Materialism is a universal problem. A missionary to Africa was asked to relate the biggest problem he saw among the tribes. He replied, “Materialism. If one villager gets a new roof on his hut, his neighbors writhe with envy until they can acquire a new roof.”
Christ has not called us to accumulate things for ourselves. He has called us to sacrifice our wants for the needs of others. While some Christians lead materialistic lifestyles, thousands around the world suffer from malnutrition, blindness, disease and premature death. According to Alan Harkey, president of Christian Blind Mission International, “Each year an estimated 500,000 children go blind, primarily due to malnutrition. More than half of these children die within two years of losing their sight.” For the cost of three Vitamin A tablets – seventy-five cents – a child’s blindness can often be prevented. Even so, 500,000 children go blind every year.
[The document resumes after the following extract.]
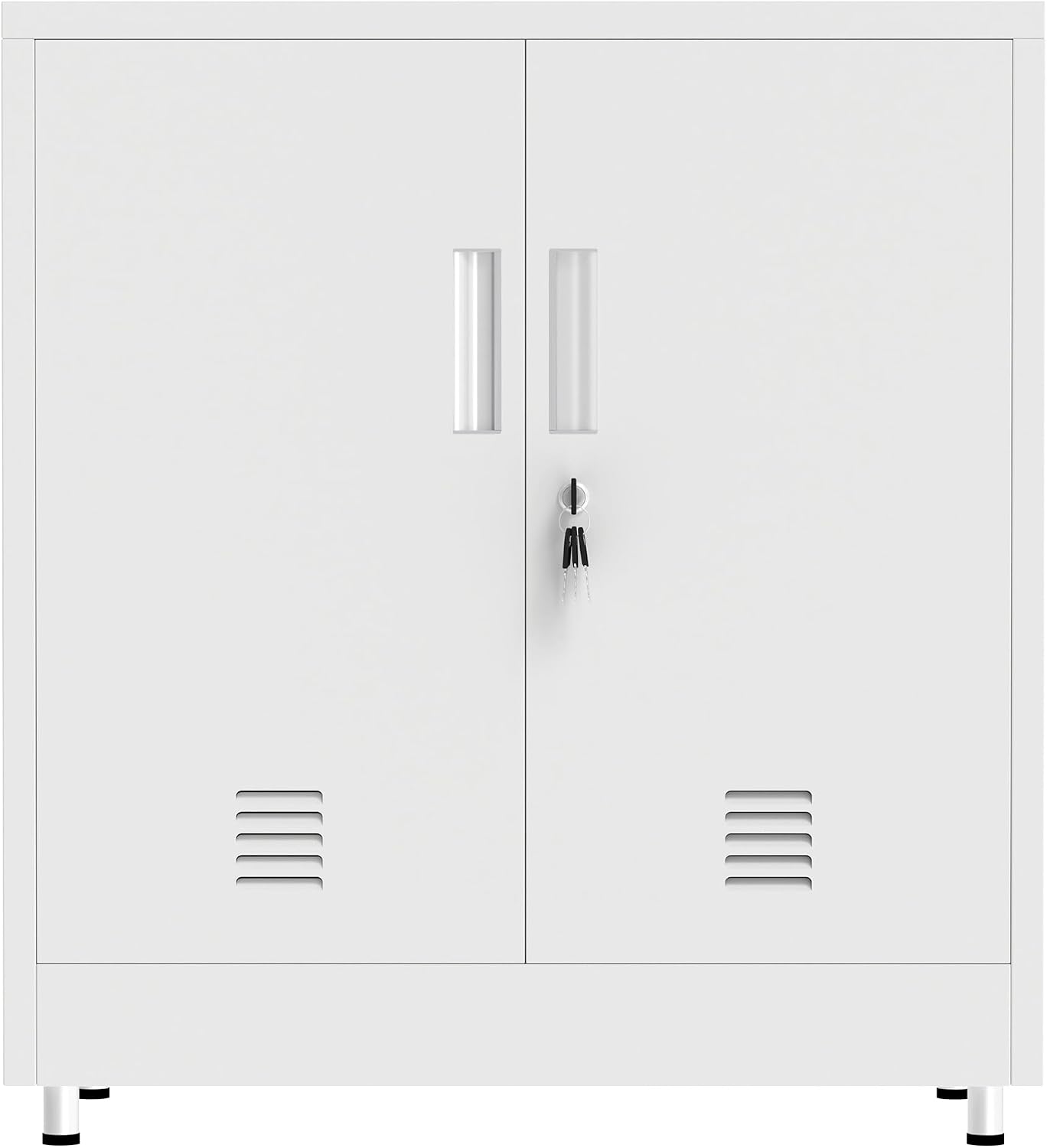 Metal Storage Cabinet with Locking Doors and Adjustable Shelf, Small Lockable Sideboard Buffet Cabinet for Home, Office, Entryway, Hallway, Living Room, Kitchen and Dining Room, White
There is a vast difference between having a Christian belief system and living for Christ. Christ said, “If anyone desires to come after Me, let him deny himself, and take up his cross, and follow Me” (Matt. 16:24 NKJV). Denying ourselves replaces the blare of consumerism with a melody of holiness.
After we lose ourselves and our possessions completely to Him, we will find ourselves (Matt. 10:39). We find our worth in Him.
Reprinted from The War Cry, Oct. 16, 1999. Used with permission.